RECORDS FOR THE EXERCISE>
════
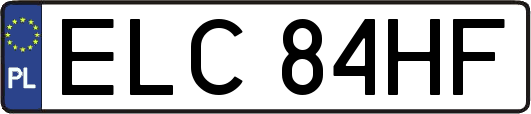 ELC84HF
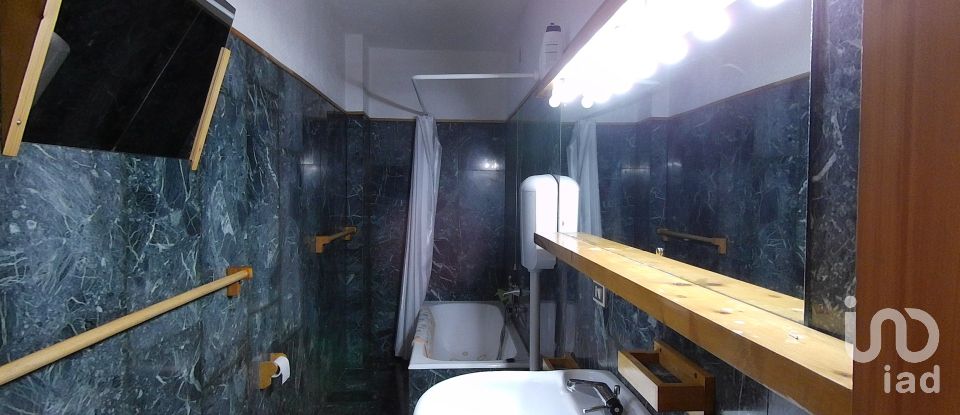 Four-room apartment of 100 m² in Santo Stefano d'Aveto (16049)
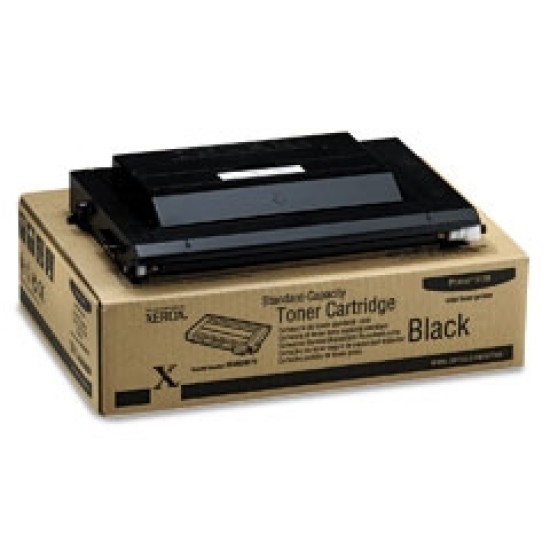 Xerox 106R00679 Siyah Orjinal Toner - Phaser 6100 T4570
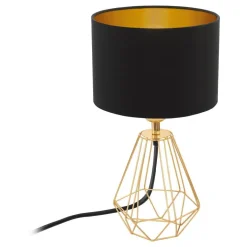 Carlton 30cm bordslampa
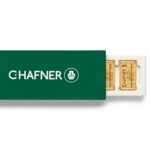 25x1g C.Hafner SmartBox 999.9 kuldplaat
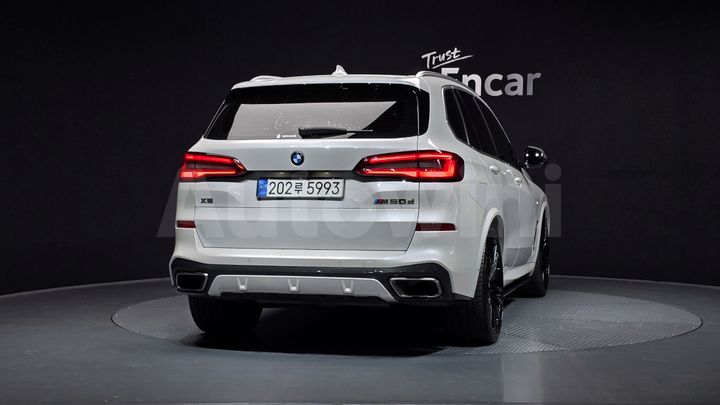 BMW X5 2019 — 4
════
Retype the data above exactly. Leave the pictures out.

RESULT OF THIS EXERCISE>
 ELC84HF
 Four-room apartment of 100 m² in Santo Stefano d'Aveto (16049)
 Xerox 106R00679 Siyah Orjinal Toner - Phaser 6100 T4570
 Carlton 30cm bordslampa
 25x1g C.Hafner SmartBox 999.9 kuldplaat
 BMW X5 2019 — 4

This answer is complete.